さらに、このオイルロック機構6において、オイルロックケース62内に嵌り込んだオイルロックピース61がオイルロックケース62内から抜け出るようになるとき、シール手段が環状溝の側壁から離座して下方室R2からの作動流体のオイルロックケース62内への流入を許容するから、オイルロックピース61がオイルロックケース62内から抜け出なくなるダンパの、つまり、フロントフォークの作動不能状態の招来を回避できる。
ところで、この発明にあっては、前記したように、主たる減衰機構の他に、補助減衰機構10を有してなる。
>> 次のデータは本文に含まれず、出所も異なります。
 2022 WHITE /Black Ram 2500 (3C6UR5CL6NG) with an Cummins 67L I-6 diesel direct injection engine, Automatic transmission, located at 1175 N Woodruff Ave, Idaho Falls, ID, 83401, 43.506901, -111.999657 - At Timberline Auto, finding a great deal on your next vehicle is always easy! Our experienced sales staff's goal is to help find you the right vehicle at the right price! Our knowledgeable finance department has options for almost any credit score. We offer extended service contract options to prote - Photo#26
そして、この発明にあって、主たる減衰機構がピストン5に設けられる、つまり、ダンパ内に設けられるとしたのに対して、補助減衰機構10は、ダンパの外、すなわち、リザーバRに設けられる。
以下に説明すると、補助減衰機構10は、図1および図3に示すように、前記したネジ筒101、すなわち、シリンダ3が有するロッドガイド31の上端に筒状に形成されて起立し軸芯部にロッド4を挿通させるネジ筒101と、このネジ筒101に螺装されて回動するときロッド4の軸線方向、すなわち、上下方向に移動する環状板102とを有してなる。
そして、環状板102は、板厚を上下方向に貫通してこの環状板102の上下側の連通を許容する複数の通孔102aを有し、この複数の通孔102aを作動流体が通過するときに減衰作用がなされるとしている。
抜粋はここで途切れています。